EXTRACTED ENTRIES:
▽
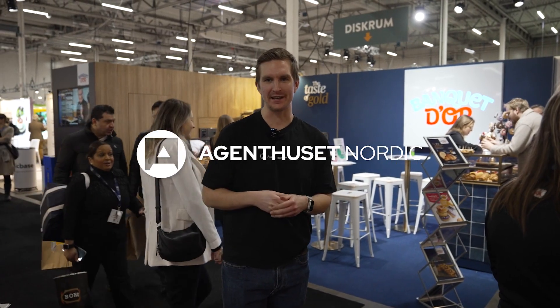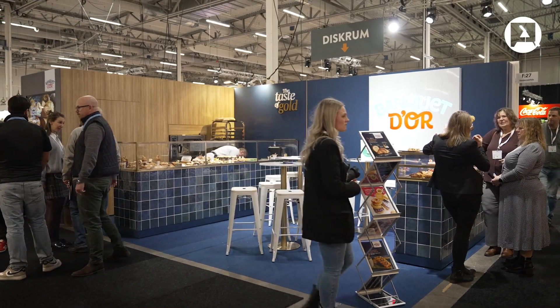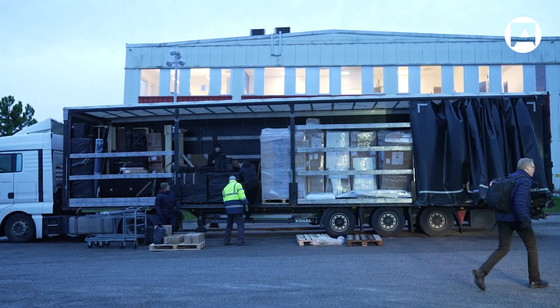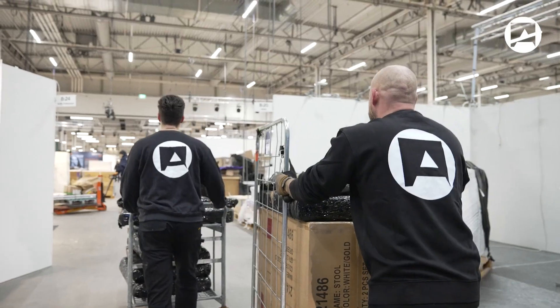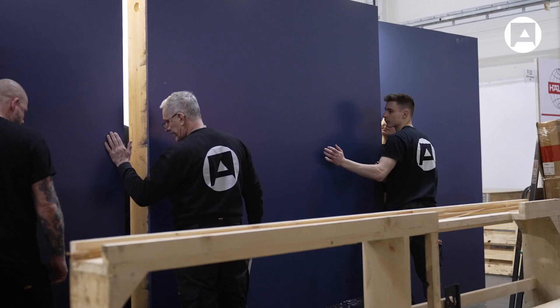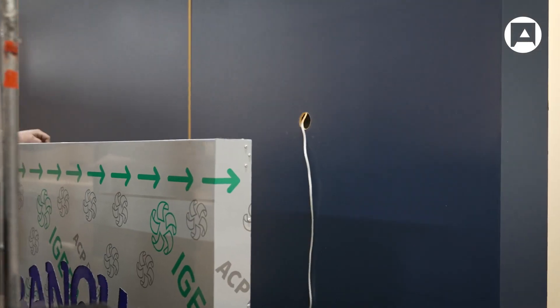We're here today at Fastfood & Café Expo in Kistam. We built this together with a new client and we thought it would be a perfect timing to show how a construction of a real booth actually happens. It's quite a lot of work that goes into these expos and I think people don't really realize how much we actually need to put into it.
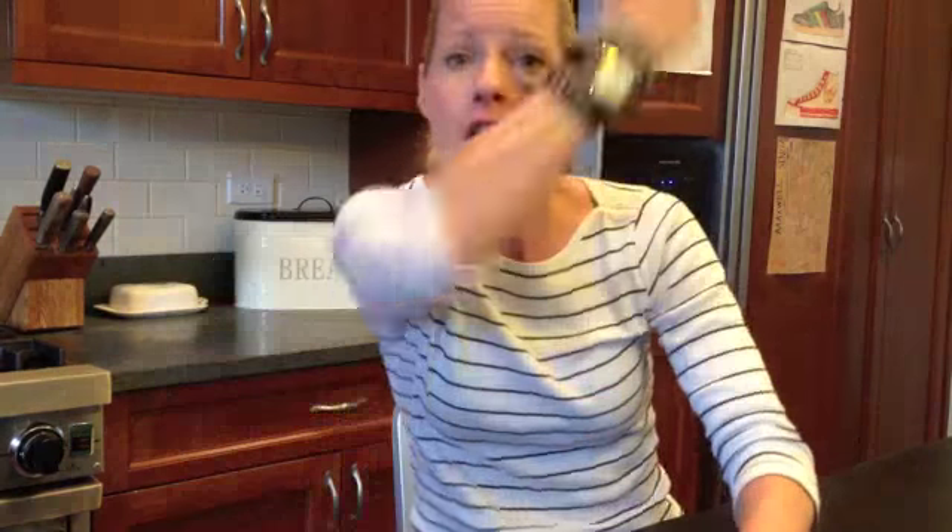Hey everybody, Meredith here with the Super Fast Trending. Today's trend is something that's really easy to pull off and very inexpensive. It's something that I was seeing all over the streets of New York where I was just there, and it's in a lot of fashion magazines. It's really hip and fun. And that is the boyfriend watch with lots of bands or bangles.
△
▽
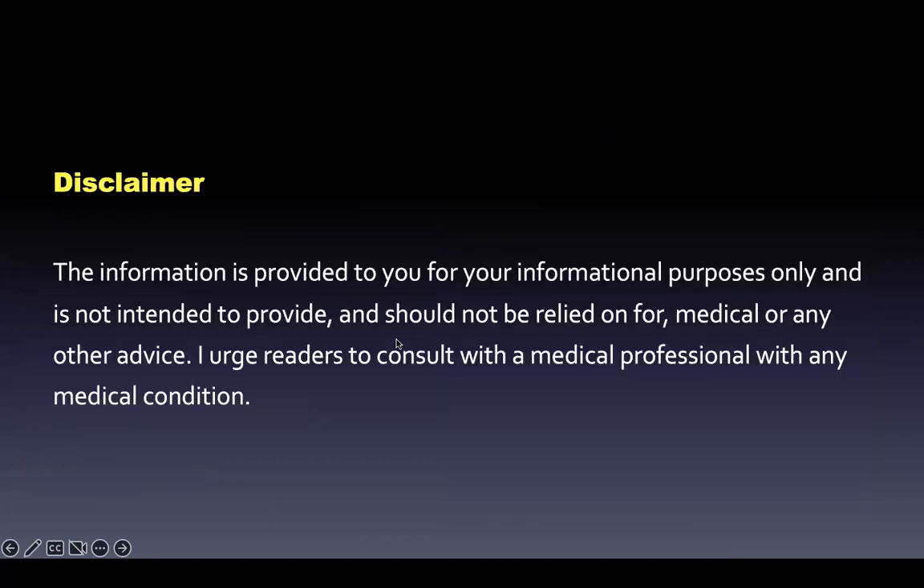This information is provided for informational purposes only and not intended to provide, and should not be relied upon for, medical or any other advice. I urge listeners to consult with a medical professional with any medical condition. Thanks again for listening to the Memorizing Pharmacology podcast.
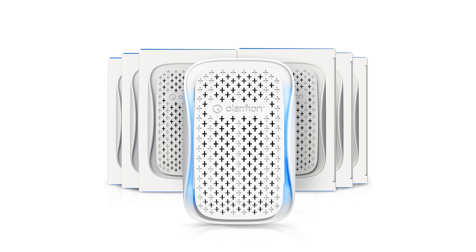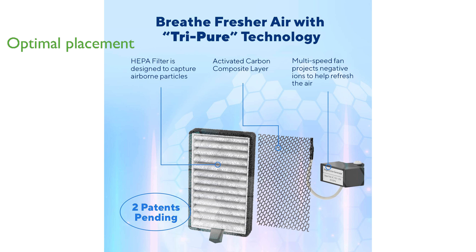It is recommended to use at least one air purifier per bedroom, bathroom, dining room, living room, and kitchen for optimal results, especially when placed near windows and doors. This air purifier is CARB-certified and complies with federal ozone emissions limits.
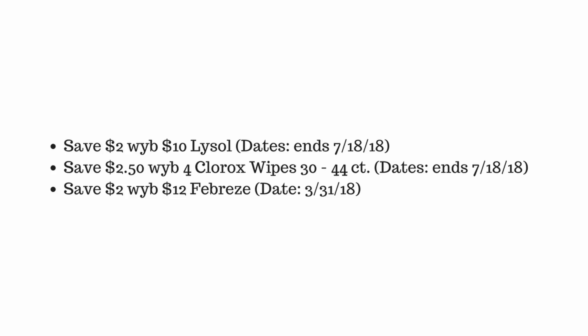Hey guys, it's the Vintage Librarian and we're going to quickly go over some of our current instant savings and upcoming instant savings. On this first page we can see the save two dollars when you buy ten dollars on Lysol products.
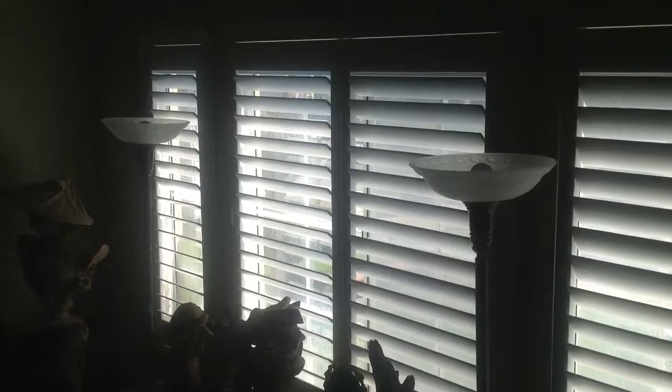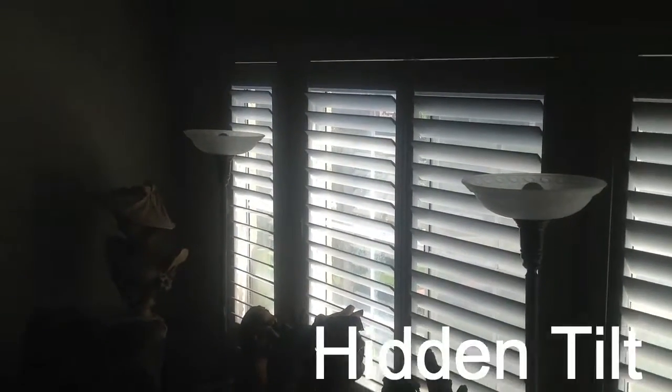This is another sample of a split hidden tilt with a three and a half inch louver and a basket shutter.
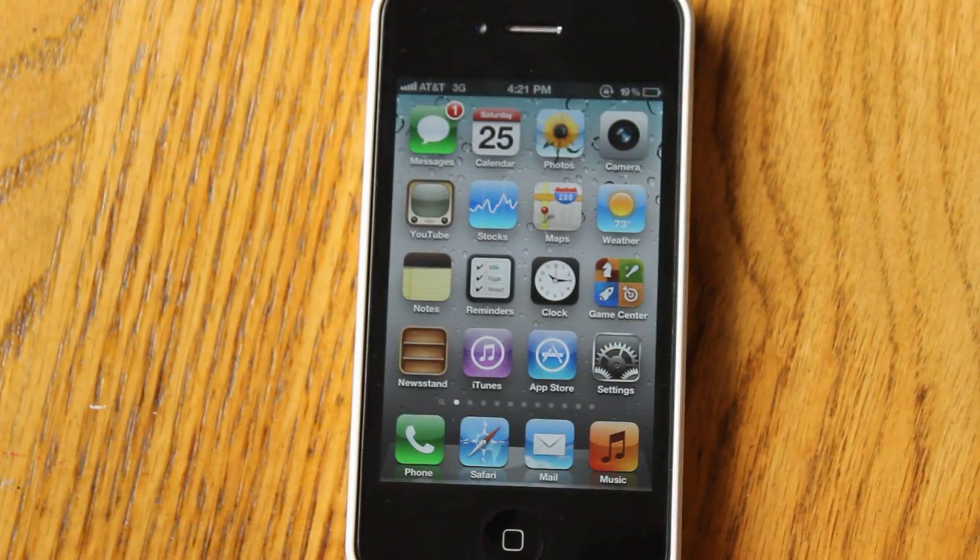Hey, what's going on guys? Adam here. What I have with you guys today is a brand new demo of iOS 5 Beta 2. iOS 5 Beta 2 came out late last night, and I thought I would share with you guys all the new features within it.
△
YOUR OBJECTIVE:
Would you copy the lines above exactly, starting with the one that has "We're here today" and ending with the one that has "Hey everybody, Meredith", both included, without the pictures?

EXPECTED ANSWER:
We're here today at Fastfood & Café Expo in Kistam. We built this together with a new client and we thought it would be a perfect timing to show how a construction of a real booth actually happens. It's quite a lot of work that goes into these expos and I think people don't really realize how much we actually need to put into it.
Hey everybody, Meredith here with the Super Fast Trending. Today's trend is something that's really easy to pull off and very inexpensive. It's something that I was seeing all over the streets of New York where I was just there, and it's in a lot of fashion magazines. It's really hip and fun. And that is the boyfriend watch with lots of bands or bangles.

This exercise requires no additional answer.